• _PROVIDED MATERIAL_:
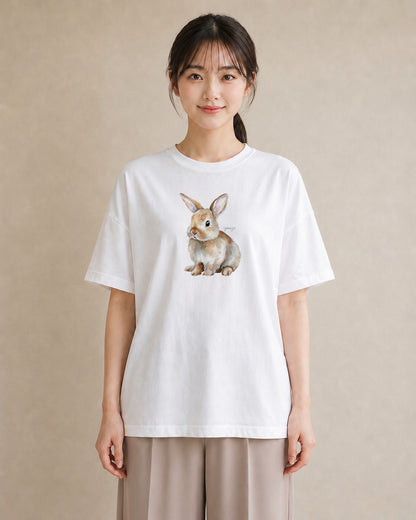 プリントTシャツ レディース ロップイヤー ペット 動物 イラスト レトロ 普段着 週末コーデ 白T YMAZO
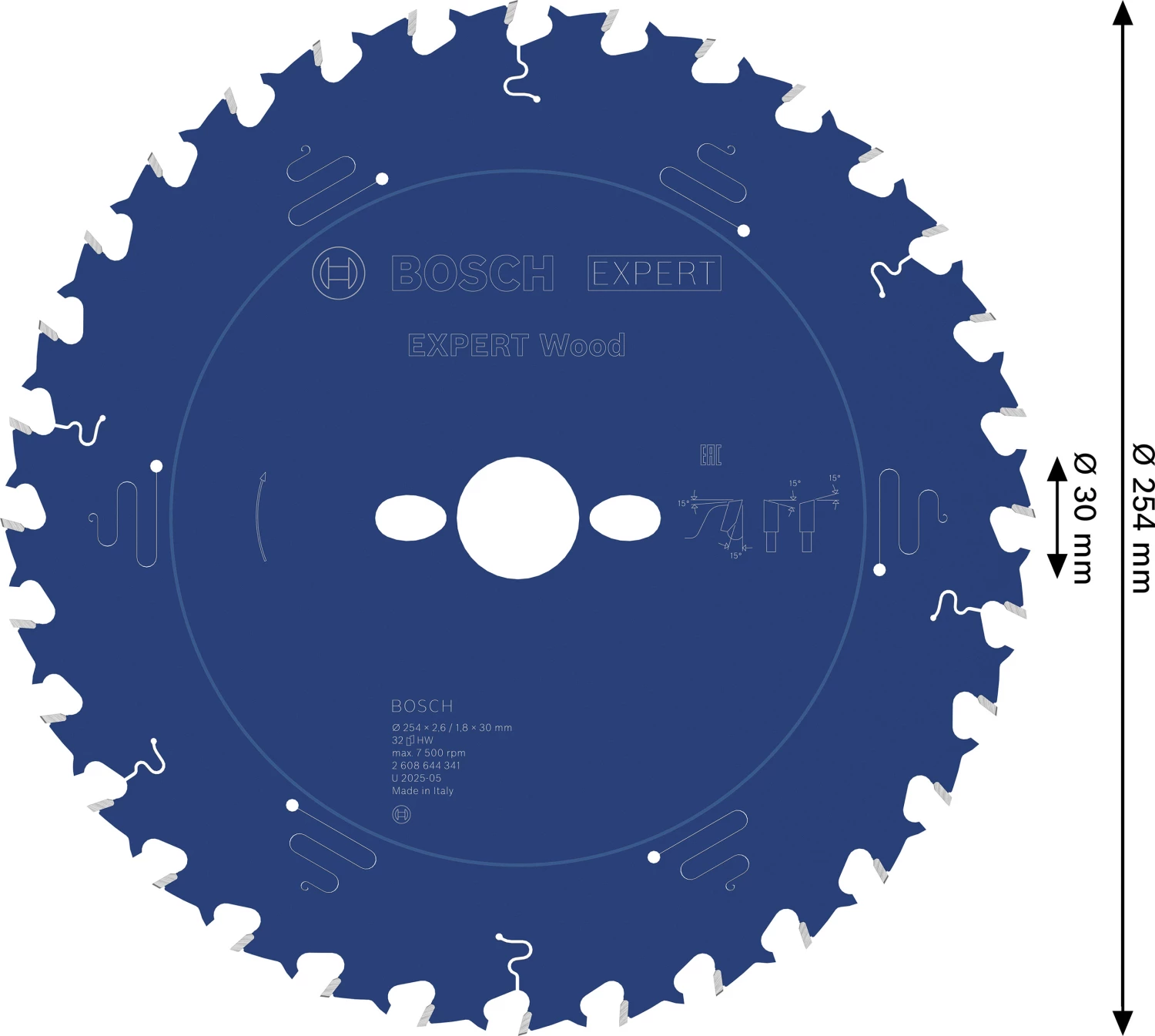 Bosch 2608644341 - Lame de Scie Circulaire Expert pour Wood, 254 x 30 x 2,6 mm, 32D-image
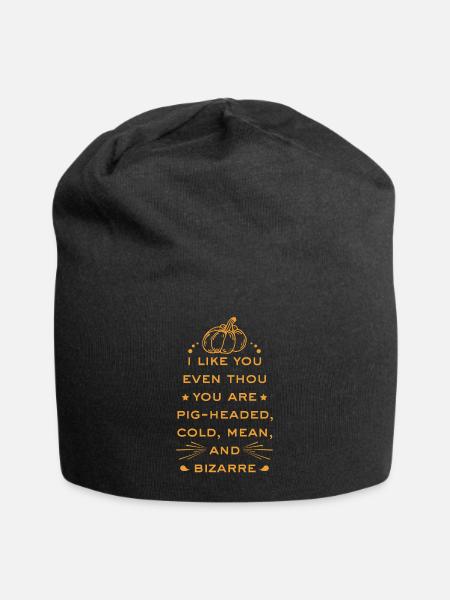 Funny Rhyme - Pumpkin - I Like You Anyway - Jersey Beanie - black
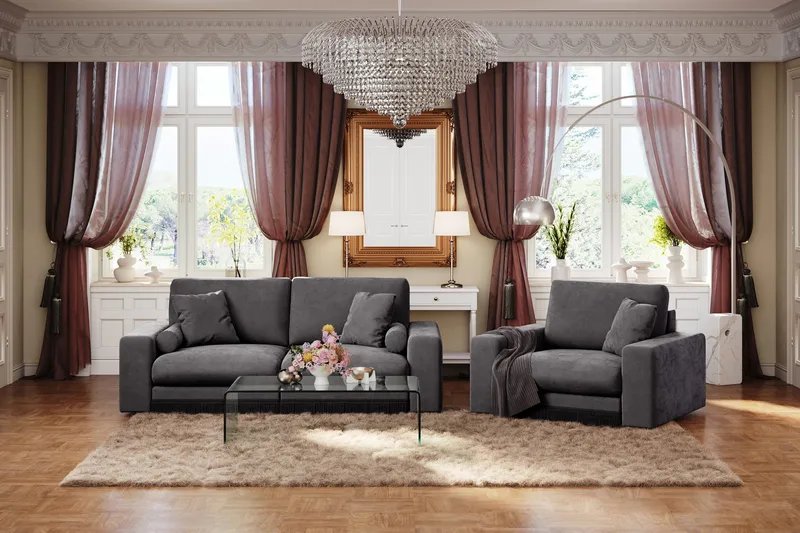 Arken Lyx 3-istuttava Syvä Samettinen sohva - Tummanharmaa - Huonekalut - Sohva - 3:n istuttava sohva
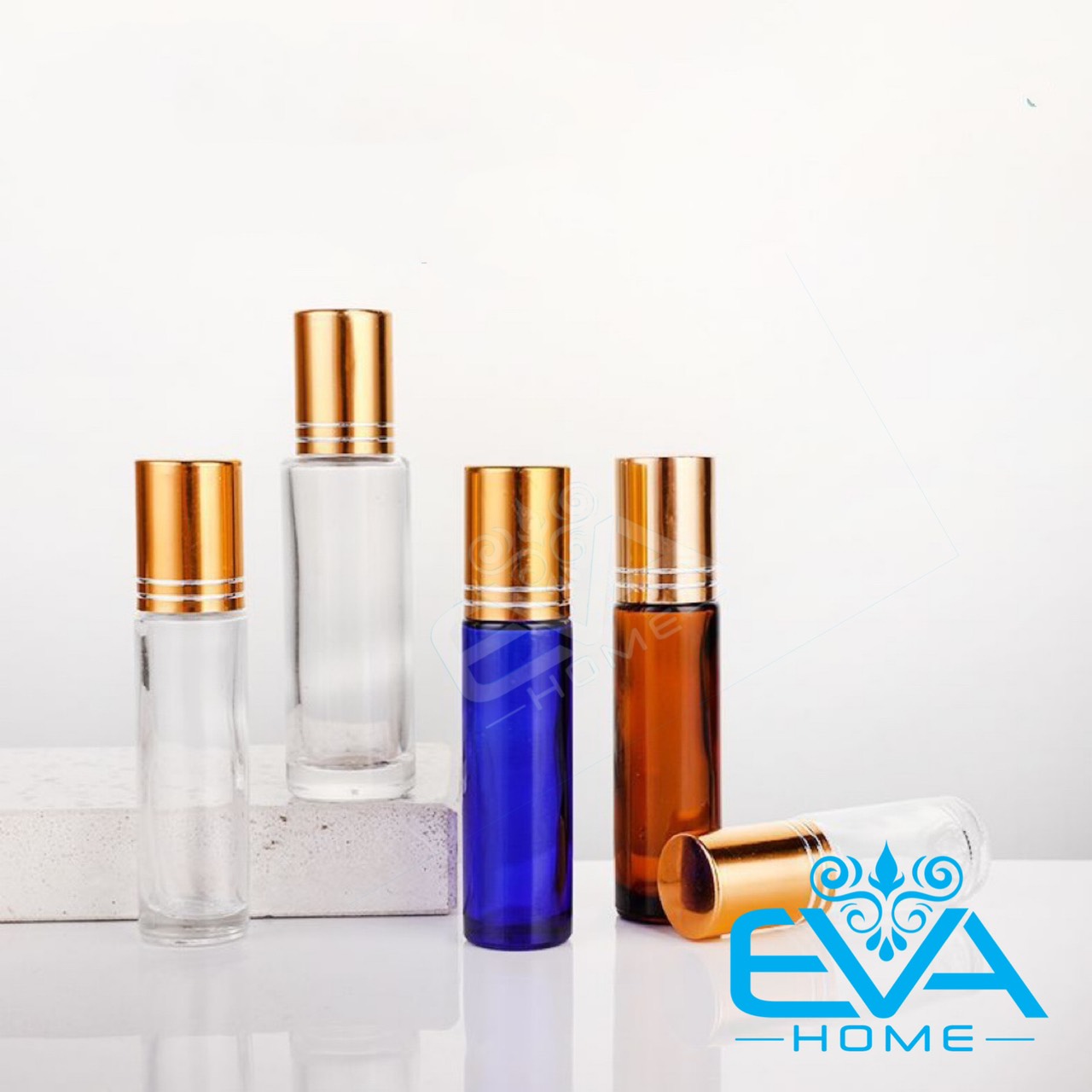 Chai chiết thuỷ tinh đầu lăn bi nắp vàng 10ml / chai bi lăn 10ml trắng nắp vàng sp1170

• _WHAT YOU NEED TO DO_:
The line containing "Funny Rhyme - Pumpkin" marks the end: transcribe every line from the start of the listing up to and including it, minus the pictures.

• _FINAL ANSWER_:
 プリントTシャツ レディース ロップイヤー ペット 動物 イラスト レトロ 普段着 週末コーデ 白T YMAZO
 Bosch 2608644341 - Lame de Scie Circulaire Expert pour Wood, 254 x 30 x 2,6 mm, 32D-image
 Funny Rhyme - Pumpkin - I Like You Anyway - Jersey Beanie - black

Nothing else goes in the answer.